But their villain had blonde hair and trademark blue eyes.
I guess it just happened.
I mean, my eyes are very blue.
I guess, I don't know.
Donna's eyes are like-- nobody has eyes like Donna Mills, bitch.
But no, I don't know, she has gorgeous eyes.
(Abby) Now, I like my marriage.
I assume you like yours.
Our lovemaking has nothing to do with that.
Because if I ever have to make a choice between love and money, money's gonna win every time.
-Simple enough?
-Donna Mills wasn't the obvious choice to play the troublemaker on Knots Landing.

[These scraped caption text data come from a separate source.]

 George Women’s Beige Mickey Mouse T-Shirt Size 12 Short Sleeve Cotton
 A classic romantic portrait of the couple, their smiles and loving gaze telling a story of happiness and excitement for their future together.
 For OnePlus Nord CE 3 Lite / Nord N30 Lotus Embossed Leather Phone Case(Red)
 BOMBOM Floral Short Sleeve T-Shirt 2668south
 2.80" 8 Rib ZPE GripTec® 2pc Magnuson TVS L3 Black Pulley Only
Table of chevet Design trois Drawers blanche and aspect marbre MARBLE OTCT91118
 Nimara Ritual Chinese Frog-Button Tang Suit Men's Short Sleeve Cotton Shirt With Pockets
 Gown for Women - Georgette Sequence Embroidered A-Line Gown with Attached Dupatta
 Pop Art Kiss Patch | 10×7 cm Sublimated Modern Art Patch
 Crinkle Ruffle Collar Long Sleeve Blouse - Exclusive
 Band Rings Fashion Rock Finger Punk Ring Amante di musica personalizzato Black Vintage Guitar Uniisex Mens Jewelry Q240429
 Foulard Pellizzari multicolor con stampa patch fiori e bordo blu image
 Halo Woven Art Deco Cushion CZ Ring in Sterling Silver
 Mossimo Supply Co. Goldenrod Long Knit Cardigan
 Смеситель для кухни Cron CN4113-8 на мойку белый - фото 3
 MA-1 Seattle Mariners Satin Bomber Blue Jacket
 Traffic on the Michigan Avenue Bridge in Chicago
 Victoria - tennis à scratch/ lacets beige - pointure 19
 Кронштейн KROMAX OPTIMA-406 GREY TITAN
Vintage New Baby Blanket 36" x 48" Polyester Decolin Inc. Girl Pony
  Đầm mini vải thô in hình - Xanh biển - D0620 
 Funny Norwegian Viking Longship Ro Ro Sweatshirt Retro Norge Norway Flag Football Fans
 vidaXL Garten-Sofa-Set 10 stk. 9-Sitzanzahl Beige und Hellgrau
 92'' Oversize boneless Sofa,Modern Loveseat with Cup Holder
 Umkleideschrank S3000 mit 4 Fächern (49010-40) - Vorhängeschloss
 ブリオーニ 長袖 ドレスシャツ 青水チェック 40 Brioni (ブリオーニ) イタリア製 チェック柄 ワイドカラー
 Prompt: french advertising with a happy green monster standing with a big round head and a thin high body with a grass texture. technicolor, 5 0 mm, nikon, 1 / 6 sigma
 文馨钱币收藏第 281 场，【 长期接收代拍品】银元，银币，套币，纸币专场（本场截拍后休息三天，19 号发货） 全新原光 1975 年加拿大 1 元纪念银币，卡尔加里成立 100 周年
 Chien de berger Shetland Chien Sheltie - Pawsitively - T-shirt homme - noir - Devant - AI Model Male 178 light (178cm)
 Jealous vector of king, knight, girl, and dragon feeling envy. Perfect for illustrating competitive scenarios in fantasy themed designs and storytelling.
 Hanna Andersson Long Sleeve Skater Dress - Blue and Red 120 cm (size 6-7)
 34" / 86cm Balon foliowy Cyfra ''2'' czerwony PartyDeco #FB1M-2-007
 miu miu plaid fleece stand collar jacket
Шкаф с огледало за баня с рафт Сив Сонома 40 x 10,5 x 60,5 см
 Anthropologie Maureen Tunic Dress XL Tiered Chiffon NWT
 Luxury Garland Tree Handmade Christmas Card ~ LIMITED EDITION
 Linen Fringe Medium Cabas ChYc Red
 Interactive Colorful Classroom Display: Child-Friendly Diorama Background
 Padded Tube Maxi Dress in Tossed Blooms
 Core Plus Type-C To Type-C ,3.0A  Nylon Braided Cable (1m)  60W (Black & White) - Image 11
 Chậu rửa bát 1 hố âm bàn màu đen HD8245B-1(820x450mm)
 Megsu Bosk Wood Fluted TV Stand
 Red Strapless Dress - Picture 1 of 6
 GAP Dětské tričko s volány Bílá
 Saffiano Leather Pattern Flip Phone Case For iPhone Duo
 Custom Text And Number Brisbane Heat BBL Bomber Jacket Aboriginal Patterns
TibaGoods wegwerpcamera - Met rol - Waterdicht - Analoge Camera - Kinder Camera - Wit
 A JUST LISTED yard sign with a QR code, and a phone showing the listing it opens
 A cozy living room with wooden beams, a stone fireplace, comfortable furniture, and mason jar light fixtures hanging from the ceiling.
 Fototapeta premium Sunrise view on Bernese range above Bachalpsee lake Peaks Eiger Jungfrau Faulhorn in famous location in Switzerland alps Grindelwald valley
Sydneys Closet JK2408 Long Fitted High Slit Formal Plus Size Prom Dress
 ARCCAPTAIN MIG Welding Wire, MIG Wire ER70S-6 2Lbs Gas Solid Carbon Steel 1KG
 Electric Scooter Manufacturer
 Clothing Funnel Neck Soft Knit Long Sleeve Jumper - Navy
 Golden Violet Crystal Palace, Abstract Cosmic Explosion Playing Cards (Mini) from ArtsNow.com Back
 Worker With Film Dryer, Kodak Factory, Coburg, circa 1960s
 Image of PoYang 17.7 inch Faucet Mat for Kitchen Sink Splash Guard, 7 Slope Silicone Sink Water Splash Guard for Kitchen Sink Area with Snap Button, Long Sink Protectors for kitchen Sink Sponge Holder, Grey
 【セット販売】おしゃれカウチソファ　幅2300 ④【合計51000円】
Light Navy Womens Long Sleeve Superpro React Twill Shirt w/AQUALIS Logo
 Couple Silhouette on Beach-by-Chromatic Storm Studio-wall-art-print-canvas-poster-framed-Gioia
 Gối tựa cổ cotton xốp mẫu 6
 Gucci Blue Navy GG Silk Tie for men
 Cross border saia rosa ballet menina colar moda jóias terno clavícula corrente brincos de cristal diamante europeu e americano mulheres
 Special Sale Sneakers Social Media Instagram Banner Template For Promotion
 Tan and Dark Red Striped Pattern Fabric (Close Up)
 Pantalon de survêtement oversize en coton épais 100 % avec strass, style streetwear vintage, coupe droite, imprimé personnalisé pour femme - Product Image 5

She had a long resume of lighter roles, including a stint on a sitcom opposite Larry Hagman.
(Donna Mills) We were this very naive husband and wife in The Good Life, you know.
Then to go from that to being the villain.
(Ryan Seacrest) A spinoff from Dallas, Knots Landing wasn't a ratings hit until after Mills was added to the cast to play the scheming Abby.
Hey, let me give you a hand with that.
-At last, a man.
-Da-dum!
(Donna Mills) She came on the show to stir things up.
-Moving day?
-At last, yeah.
To create problems so that, you know, other people would have to deal with it.
(Valene) Now, I mean it, Abby.
I just want an answer.
Well, I'm not saying we're having an affair and I'm not saying we're not.
I am saying I can have him anytime I want him.
(dramatic music) (Ryan Seacrest) With the black hats now in place, TV's three major primetime soaps would go on to some of the longest runs in the history of television drama.
Dynasty, nine years.
Dallas, 13 years.
And Knots Landing, the longest of all, 14 years.
♪ (dramatic organ music) ♪ (announcer) And now, The Guiding Light.
♪ Richard!
I thought you'd already left for the office.
(Ryan Seacrest) Daytime dramas date back to the very earliest days of television.
(Richard) Laura, I...
I've been very disturbed.
(soft music) (Ryan Seacrest) In 1964, the genre came to primetime with Peyton Place, starring Ryan O'Neal and Mia Farrow.
♪ (Rodney) Hey, are you doing something Friday night?
(Allison) Aren't you going steady?
♪ (Rodney) Not anymore.
How about it?
(Allison) Well, I...
I guess it's all right.
(Rodney) Okay.
It's a date.
♪ (Michele Lee) Mia Farrow, and that was so, Barbra-hello.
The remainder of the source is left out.